Directional Control: Rudder controls, counteracting torque.

So far we have only considered longitudinal trim and the correct placing of weights to achieve it.

However, the question of movable controls will naturally occur. For those who wish to fit them, the simplest and most effective way is to have the hinged portions, such as the rudder, ailerons, elevators, etc., made separately, and then fastened to the main portion of the aerofoil by means of aluminium tabs in such a way that each control surface will remain fairly rigid in whatever position it may be placed.

However, from a purely performance point of view it is far better to leave all control surfaces definitely fixed and built integral with the model in a neutral position.

However well one may trim a job and mark the exact position of variable controls, the probability is that on a roughish landing the controls will all be put out of order!

Also, as these controls are very sensitive, especially on the elevator and rudder, it is a moot point whether they can be set accurately after each flight, and the chances are that in the heat of the moment and rush to make another flight these controls may be forgotten, with disastrous results.

Some form of semi-permanent adjustment is obviously necessary, and it is suggested that the "empennage," that is the stabiliser, elevators, fin and rudder, be made as a single unit, and detachable. This unit can be held in place by means of small wire hooks and rubber bands, and will take a knock safely. Not only that, but it is far easier for transport purposes, and transport amongst the aero-modelling fraternity is generally a very serious problem.

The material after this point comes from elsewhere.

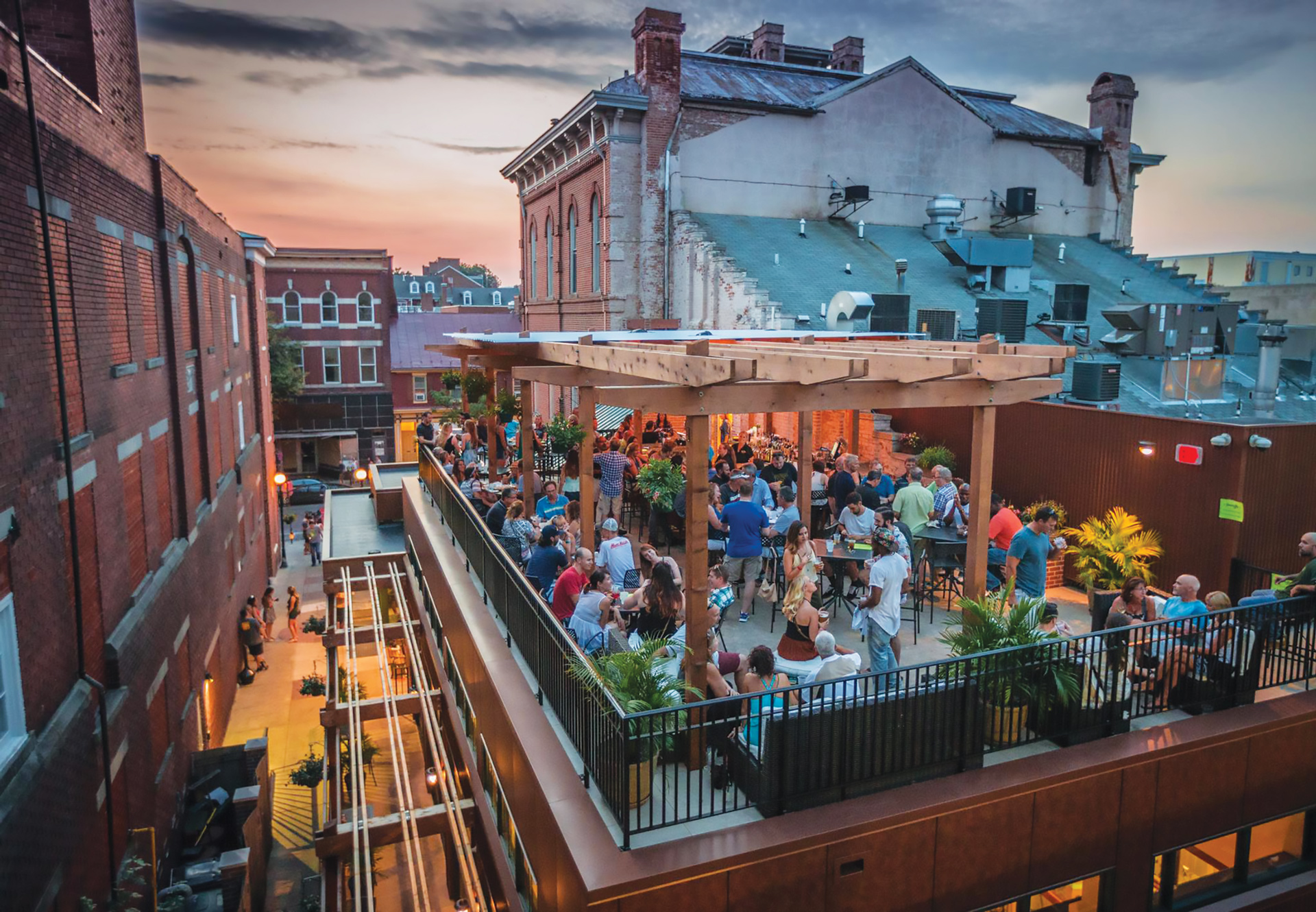 A lively rooftop bar is filled with people socializing at sunset, surrounded by brick buildings and plants, with a view of an urban alley below.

But to return to the adjustment of the tail unit. It will readily be seen that it is quite a simple matter to pack the elevator up slightly, either positive or negative, by cementing small strips of balsa underneath, and to very slightly offset the unit sideways to obtain a circling inclination to one side.

Now this cirling tendency must be only very slight, otherwise we shall have the model dipping a wing and spiralling to earth.

It is very important that these various semi-permanent adjustments be made for the glide only, so that when the motor runs out our model shall still be in complete stability and shall safely come to earth.

Of course, the turning tendency to the left is always present when the motor is running, owing to the torque or reaction of the airscrew, but this will be counteracted by offsetting the nose-block slightly to the right.

It is important that all superimposed adjustments while under power should be made to the nose-block, and the nose-block only. Not only should the direction of flight under power be adjusted this way, but also climbing abilities as well, by either giving a slight amount of upthrust if the model tends to be underpowered, or downthrust if the model should climb too steeply.

It will be realised that with the use of a gearbox to eliminate the initial burst of power there should not be excessive torque to counteract, but where a single-skein motor is used without a gearbox, then a certain amount of side- and downthrust is almost essential.